▶ _SUPPLIED INFORMATION_
····················

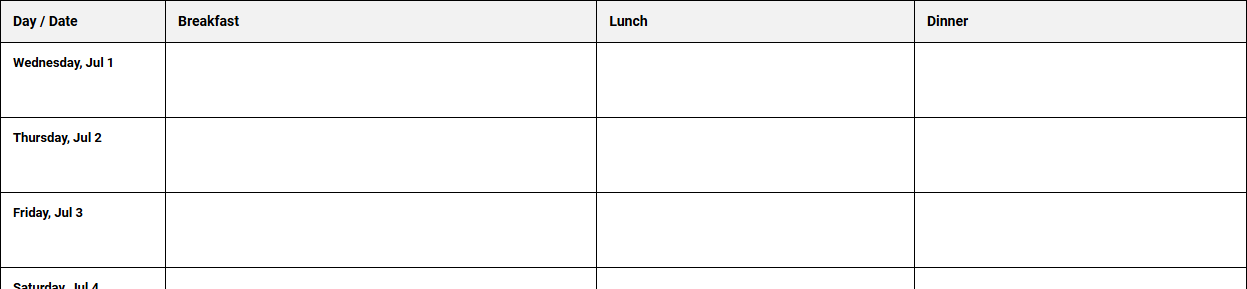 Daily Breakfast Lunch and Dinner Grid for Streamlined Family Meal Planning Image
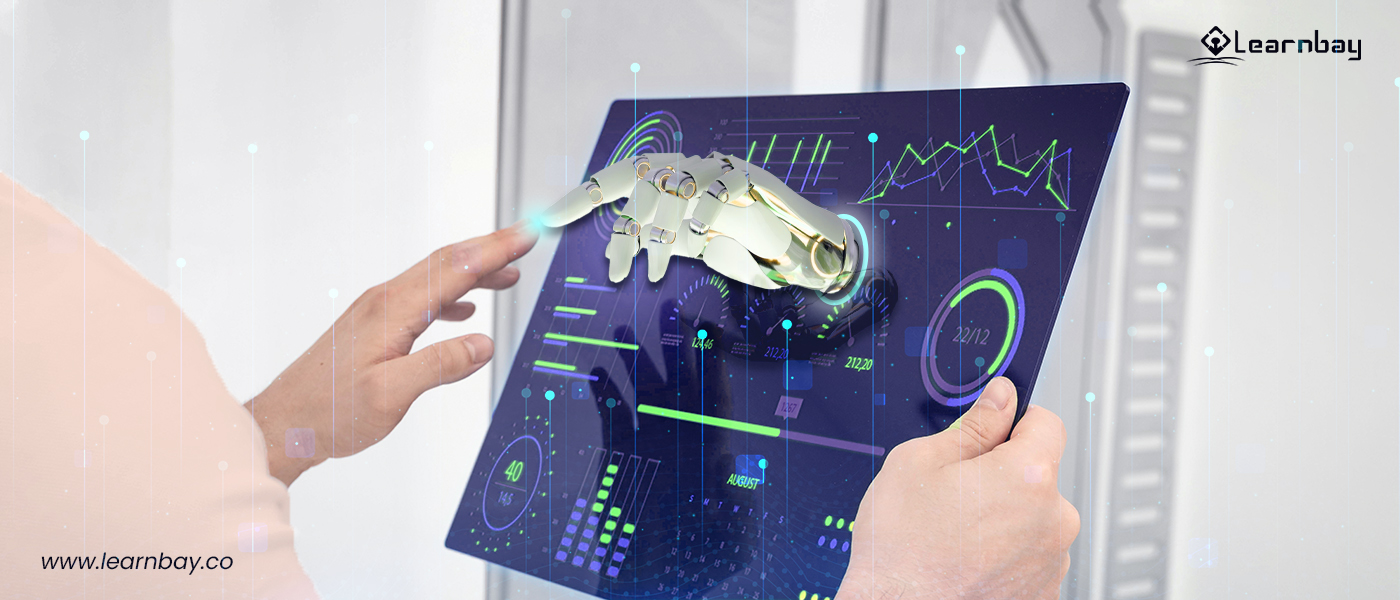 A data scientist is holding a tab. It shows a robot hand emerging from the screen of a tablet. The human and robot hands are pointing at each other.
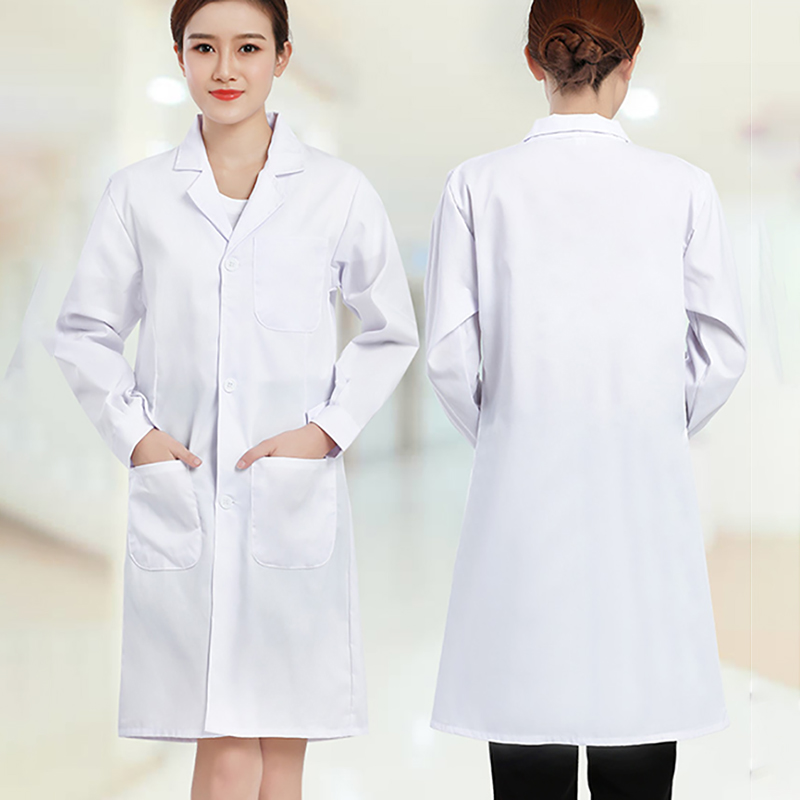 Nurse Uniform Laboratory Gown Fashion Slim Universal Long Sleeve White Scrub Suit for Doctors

····················

▶ _AIM OF THE EXERCISE_
Return nothing but the lines running from the start of the data to the line with "A data scientist", please, both ends included and no pictures.

▶ _TASK SOLUTION_
 Daily Breakfast Lunch and Dinner Grid for Streamlined Family Meal Planning Image
 A data scientist is holding a tab. It shows a robot hand emerging from the screen of a tablet. The human and robot hands are pointing at each other.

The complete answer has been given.